新たな一年を迎えました。本年もよろしくお願いいたします。令和5年、最初の会見にあたり、新しい一年に向けて、「今年の一字」を選びました。令和5年、今年の一字は「収(しゅう)」にいたしました。この文字には、3つの願いを込めています。
まず一つ目は、「収束」という願いです。感染確認から3年目を迎えるコロナ禍、そして、昨年2月に始まったロシアによるウクライナ侵攻については、我々の生活にも大きな影響を与えています。これら世界規模の難題の一日も早い「収束」を切に願っております。

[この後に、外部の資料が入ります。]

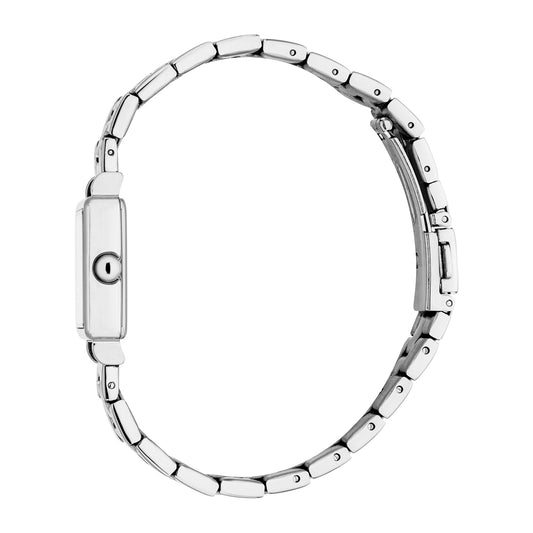 Esprit Women's 22 x 29.5mm Fashion Silver Color Dial Watch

二つ目は、日本農業の実り豊かな、「収穫」「収量」「収益」を上げたいという願いです。特に昨今、毎年のように甚大な自然災害が発生しています。今年こそは災害のない一年となり、実り豊かに「収穫」ができ、「収量」を上げてほしいと願います。また肥料、飼料など生産資材価格が高騰しているなか、価格転嫁できない厳しい状況が続いています。再生産できる持続可能な農業を目指して、生産者に「収益」をあげていただきたいと願いを込めました。
三つ目の願いは、信用事業を中心として厳しい事業環境が続いているなかで、安定的にJA事業の「収益」を上げるという願いです。JAグループが、これからも未来永劫、組合員・地域の皆さまからの期待に応え信頼される存在であり続けるためには、安定的にJA事業の「収益」を上げることが不可欠で、持続可能な経営基盤を確立していくという願いを込めました。
こうした3つの願いを、「収(しゅう)」という一字に込めました。
昨年から、肥料や飼料といった生産に欠かすことのできない資材の高騰・高止まり、さらには、こうした生産コストを農畜産物の価格に転嫁しづらいということもあり、農業経営は、危機的な状況が続いております。
一方では、食料安定確保のリスクが顕在化し、JAグループがかねてより発信しておりました「食料安全保障」への機運が高まっています。これまでJAグループが取り組んできた「国消国産」の意義等の情報発信は、非常に時機をえたものであると考えております。今後もより一層、多くの皆さまと一緒に、食と農の未来を考えていただけるよう、そして、国産の農畜産物を手に取って、選んでいただけるよう、情報発信を強化してまいります。
さて、今年は卯年であり、兎の跳躍する姿から、「飛躍」や「向上」の年だと言われております。本年が、日本農業にとって、「飛躍する一年」、あるいは「向上の一年」になることを祈念するとともに、我われJAグループは、一昨年の第29回JA全国大会で決議した「めざす姿」の実現に向け、各組織が創意工夫のもと、不断の自己改革を着実に実践してまいります。